A seção 4.3 trata do indicador da vulnerabilidade à Covid-19 e foi inteiramente redigida pelos pesquisadores da Fundaj. Lá aparecem os municípios agrupados em regiões (Norte, Sul, Oeste e Núcleo Central). Entre essas, a Oeste é a que apresenta a trajetória mais recente de uso e ocupação do solo, culminando com a dinâmica de preparativos instalada para o megaevento da Copa 2014. O território é formado pelos municípios de Camaragibe, São Lourenço da Mata e Moreno, abrangendo 49 UDHs. Nesses dois últimos municípios, grande parte do território ainda apresenta características rurais, inclusive em algumas das UDHs, elas estão associadas a um alto grau de vulnerabilidade socioespacial à contaminação do coronavírus, como em Bonança e Massaranduba (no município de Moreno).

O território Norte, formado pelos municípios de Araçoiaba, Abreu e Lima, Igarassu, Ilha de Itamaracá, Itapissuma e Paulista, é o segundo mais populoso da RMR. Trata-se de um território de intensa atividade econômica. Confirma-se como área de intenso tráfego diário, entre 7h e 21h, abrigando trechos da BR 101, do eixo Norte do Arco Metropolitano e Terminais de Integração (SEI). Entre as 69 UDHs que o território abriga, uma delas apresenta grau muito alto de vulnerabilidade socioespacial à Covid-19: trecho do bairro Maranguape II, em via de acesso à praia de Maria Farinha (município de Paulista).

Já o Núcleo Central abriga 305 UDHs, sendo 68 delas classificadas como de alto grau de vulnerabilidade socioespacial à Covid-19, além de duas outras consideradas de grau muito alto: Zeis UR 05 da Cohab, Três Carneiros e Zeis Planeta dos Macacos, no Curado, no município do Recife.
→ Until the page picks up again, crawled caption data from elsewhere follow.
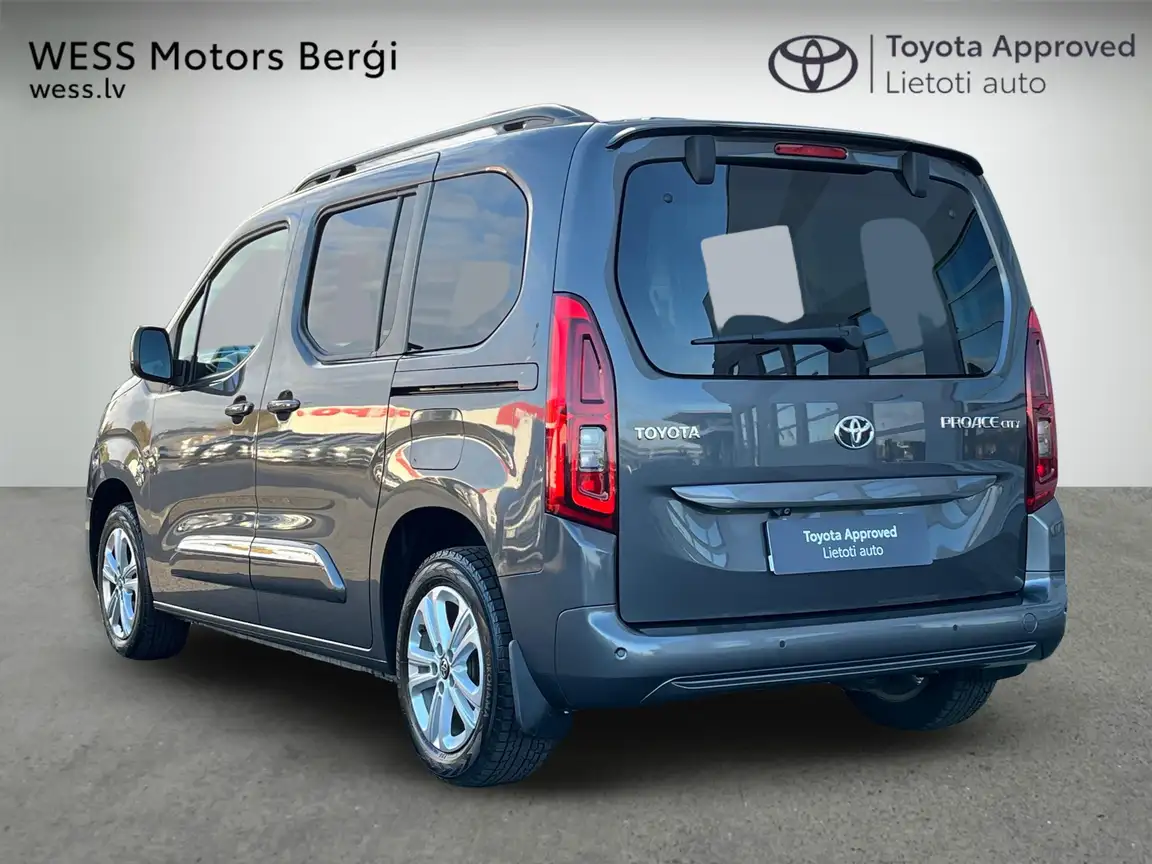 TOYOTA PROACE CITY VERSO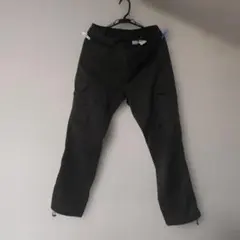 phenix アウトドアパンツ ブラック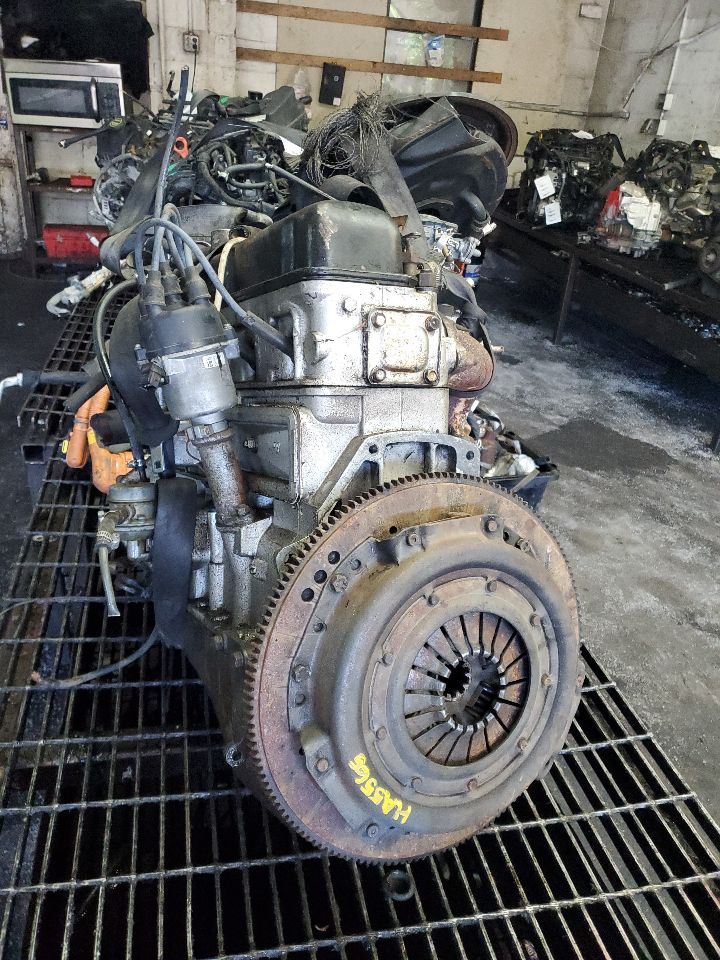 1986 JEEP CJ-SERIES ENGINE ASSEMBLY - 482149 — photo 4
Os municípios de Cabo de Santo Agostinho e de Ipojuca são os únicos a comporem o território Sul. Com 37 UDHs, somente seis foram registradas com alto grau de vulnerabilidade socioespacial à Covid-19.

Ainda que haja um percentual significativo de UDHs classificados como de baixo grau de vulnerabilidade socioespacial à contaminação da Covid-19, mais de 60% delas apresentam um grau de média e alta vulnerabilidade, tornando-se importante sua identificação e caracterização para fins de desenho e implementação de políticas públicas adequadas.

Esse trabalho soma-se a outros que buscam, na produção de mapas, expressar a associação dos graus de vulnerabilidade social aos eventos da população. Assim como tem sido feito também no Centro Integrado de Estudos Georreferenciados para a Pesquisa Social (Cieg) da Fundaj.